Caption-style text data
**********

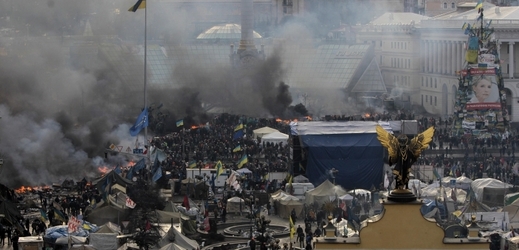Na náměstí Nezávislosti je v obklíčení asi 10 tisíc lidí.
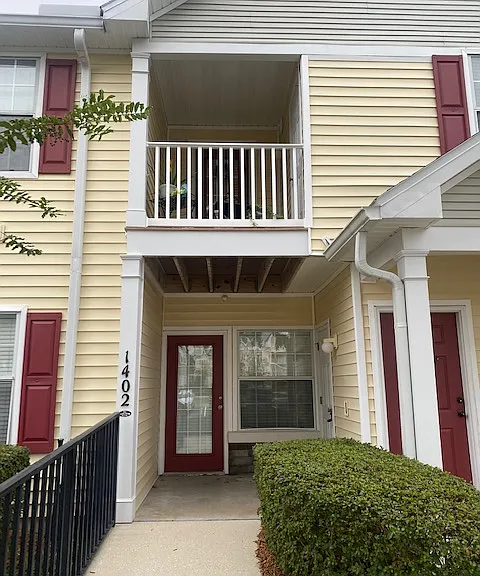 575 Oakleaf Plantation Pkwy #1402 — Photo 1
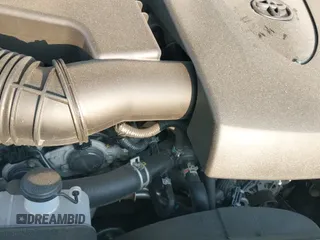 ✅ 2017 Toyota Tacoma SR5 • VIN: 3TMDZ5BN7HM018856 • Lot: 42722067. Wystawiony na IAAI z przebiegiem 123 194 mil. Bezpłatny archiwum sprzedaży aukcyjnych z USA i szczegółowy raport historii pojazdu na DreamBid. Zdjęcie 19.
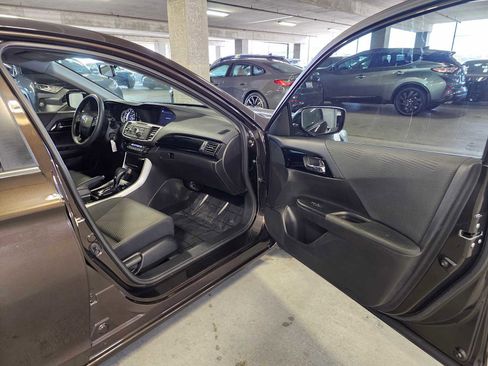 Used 2016 Honda Accord LX image 31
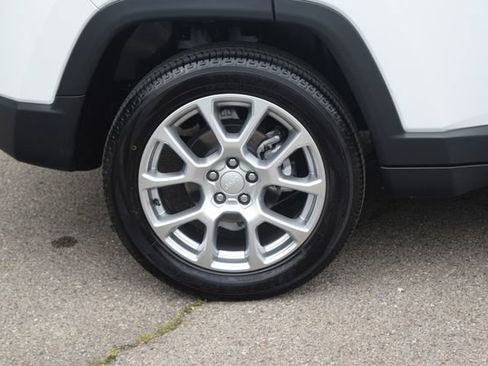 Used 2023 Jeep Compass Latitude AWD/4WD image 28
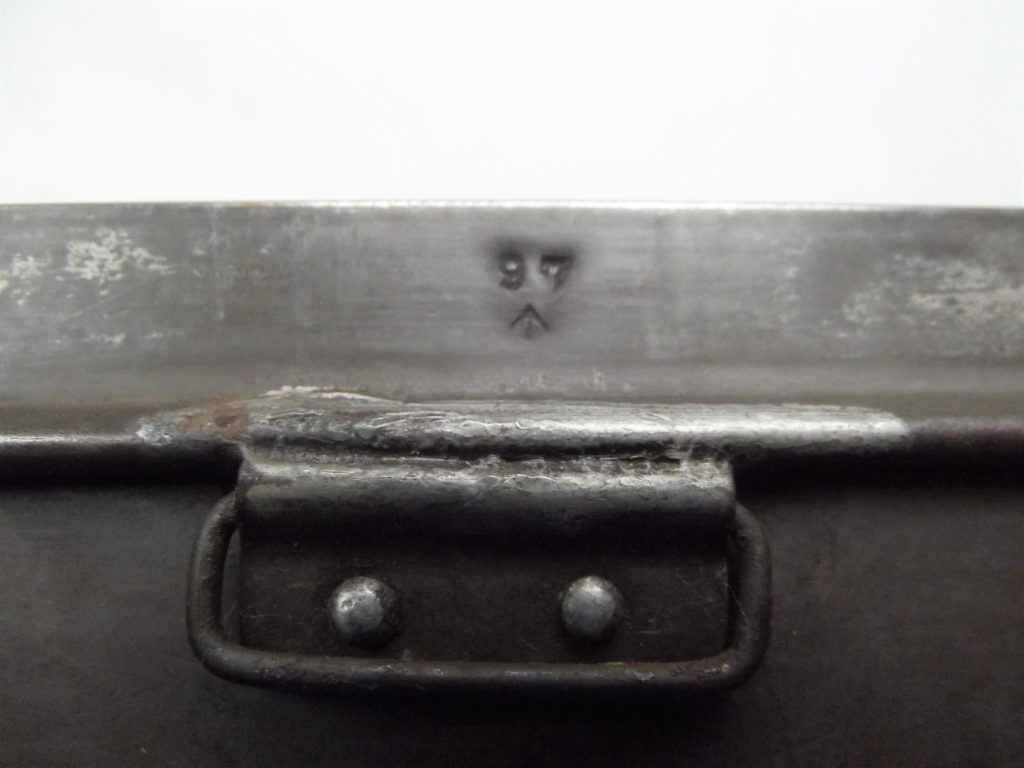 WW1 BRITISH ARMY MESS TIN DATED 1917 - DBG Militaria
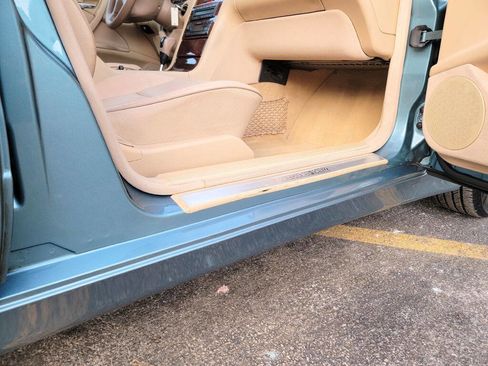 Used 2001 Mercedes-Benz E 320 Sedan image 28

**********

• _Your task_: The records above are to be copied exactly, with no pictures carried over.

• _Exercise answer_:
Na náměstí Nezávislosti je v obklíčení asi 10 tisíc lidí.
 575 Oakleaf Plantation Pkwy #1402 — Photo 1
 ✅ 2017 Toyota Tacoma SR5 • VIN: 3TMDZ5BN7HM018856 • Lot: 42722067. Wystawiony na IAAI z przebiegiem 123 194 mil. Bezpłatny archiwum sprzedaży aukcyjnych z USA i szczegółowy raport historii pojazdu na DreamBid. Zdjęcie 19.
 Used 2016 Honda Accord LX image 31
 Used 2023 Jeep Compass Latitude AWD/4WD image 28
 WW1 BRITISH ARMY MESS TIN DATED 1917 - DBG Militaria
 Used 2001 Mercedes-Benz E 320 Sedan image 28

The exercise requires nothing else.